● WHAT YOU HAVE TO DO:
Scan the entries for lines with the word "Birthday", then copy those lines.

Top of AVAILABLE DATA

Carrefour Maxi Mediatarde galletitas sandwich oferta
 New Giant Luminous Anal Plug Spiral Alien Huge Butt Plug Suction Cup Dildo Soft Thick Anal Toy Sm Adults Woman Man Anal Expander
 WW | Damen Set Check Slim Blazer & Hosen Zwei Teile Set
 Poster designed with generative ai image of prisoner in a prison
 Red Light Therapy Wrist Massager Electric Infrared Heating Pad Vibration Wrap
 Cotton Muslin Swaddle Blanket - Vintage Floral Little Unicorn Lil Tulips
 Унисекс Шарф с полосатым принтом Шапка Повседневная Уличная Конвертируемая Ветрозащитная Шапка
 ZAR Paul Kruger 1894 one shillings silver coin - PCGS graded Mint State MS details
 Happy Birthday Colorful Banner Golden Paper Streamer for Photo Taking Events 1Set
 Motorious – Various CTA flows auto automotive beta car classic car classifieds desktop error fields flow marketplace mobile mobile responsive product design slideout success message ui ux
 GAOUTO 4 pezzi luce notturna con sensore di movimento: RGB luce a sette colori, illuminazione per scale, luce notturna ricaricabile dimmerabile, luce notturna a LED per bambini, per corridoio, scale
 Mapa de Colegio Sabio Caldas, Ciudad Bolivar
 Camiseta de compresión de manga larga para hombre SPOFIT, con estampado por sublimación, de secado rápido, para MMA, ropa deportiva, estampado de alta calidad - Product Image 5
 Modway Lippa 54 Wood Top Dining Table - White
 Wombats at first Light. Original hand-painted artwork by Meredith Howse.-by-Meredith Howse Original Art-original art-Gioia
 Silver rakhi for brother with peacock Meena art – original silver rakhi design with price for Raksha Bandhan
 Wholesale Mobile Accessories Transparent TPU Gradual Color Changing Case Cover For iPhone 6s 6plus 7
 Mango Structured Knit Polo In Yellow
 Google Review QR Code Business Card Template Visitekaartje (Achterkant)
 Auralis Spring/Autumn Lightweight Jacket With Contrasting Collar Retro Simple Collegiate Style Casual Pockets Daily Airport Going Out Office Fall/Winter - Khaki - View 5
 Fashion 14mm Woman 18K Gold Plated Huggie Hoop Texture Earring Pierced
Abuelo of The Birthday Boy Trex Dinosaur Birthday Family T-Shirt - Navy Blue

Bottom of AVAILABLE DATA

● SOLUTION TO THIS TASK:
 Happy Birthday Colorful Banner Golden Paper Streamer for Photo Taking Events 1Set
Abuelo of The Birthday Boy Trex Dinosaur Birthday Family T-Shirt - Navy Blue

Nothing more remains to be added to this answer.